Je ne me souviens pas avoir traversé la route. Je marchais comme un zombie. A un moment, j’ai reconnu les arbres. Nous étions dans les environs de la commanderie. Alors je suis tombé à genoux. De nouveau, j’ai vomi. Il ne me restait que de la bile dans les entrailles.

John a attendu, debout. Il s’est approché quand il a vu que je chialais et il s’est accroupi.

« On était en danger, il a dit. Je pouvais pas faire autrement. »

Je lui ai balancé un coup de poing en pleine poitrine.

« Vous avez voulu le scalper, j’ai réussi à articuler.

– C’est ce qu’on fait qui compte, pas ce qu’on pense faire.

– Si j’avais pas été là, vous l’auriez fait.

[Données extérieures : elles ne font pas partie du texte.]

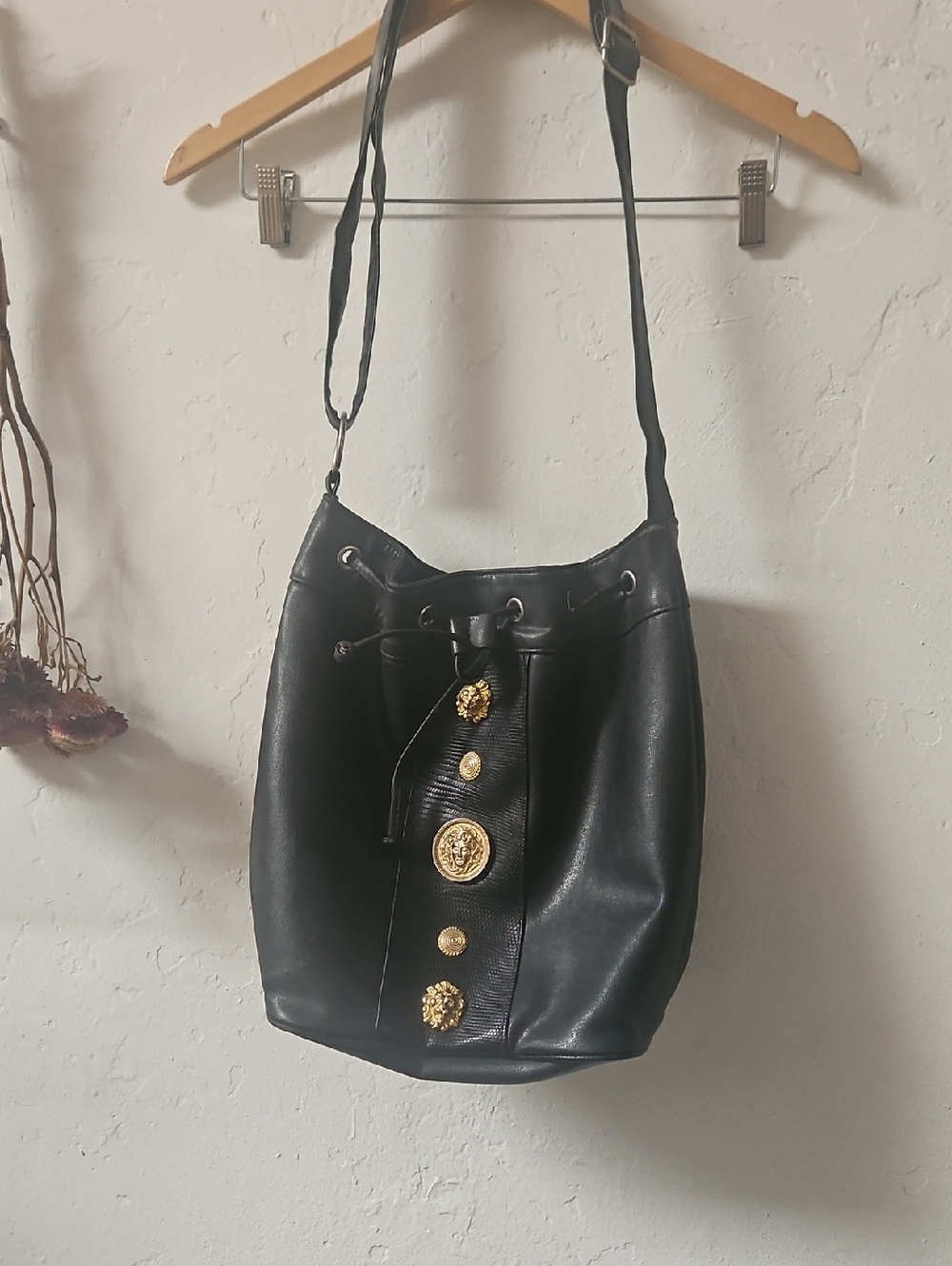 Vintage Black Women's Bucket Bag with Gold Accents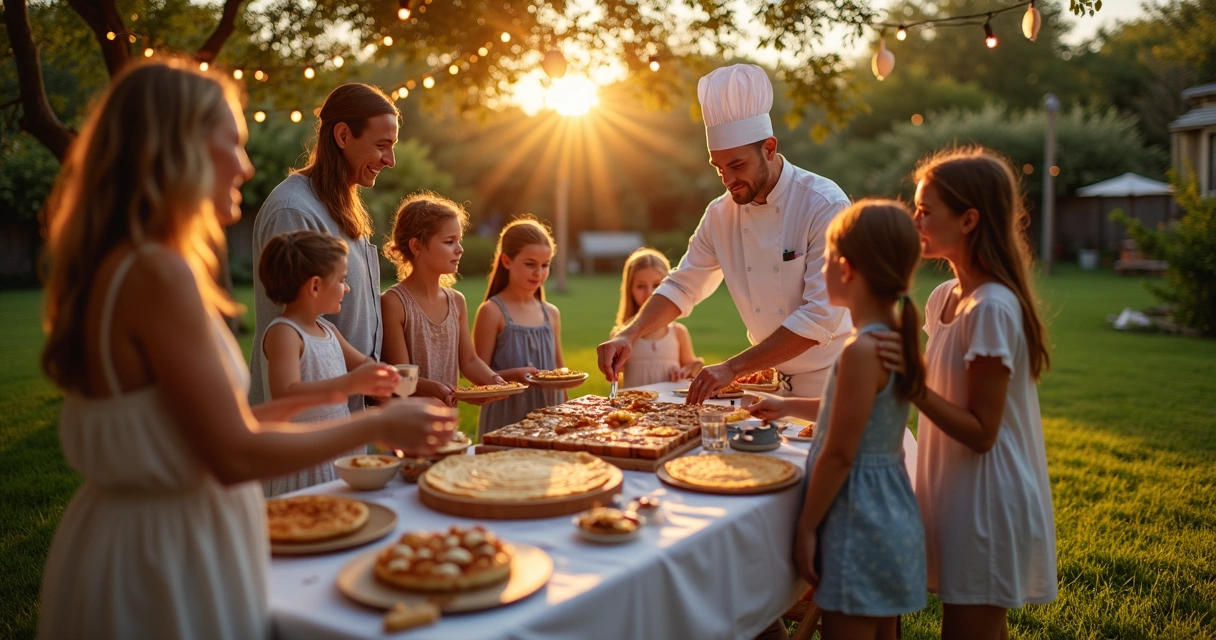 Buffet de crepe montado em festa com convidados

– Tu m’en as empêché. Bravo.

– Vous avez déjà scalpé des gens ? »

Il a pas répondu. J’ai pleuré encore.

« Il faut que vous partiez, j’ai murmuré.

Wow. Pourquoi ?

– Il faut que vous partiez ou ça va mal finir.

– Qu’est-ce qui va mal finir ?

– Tout. »

Jason s’est remis en marche.

« Plutôt crever. Et tant qu’à crever, je crèverai pas tout seul. »

Le manche de la hache tapait sur le cuir de son pantalon. Le tranchant était encore maculé de sang.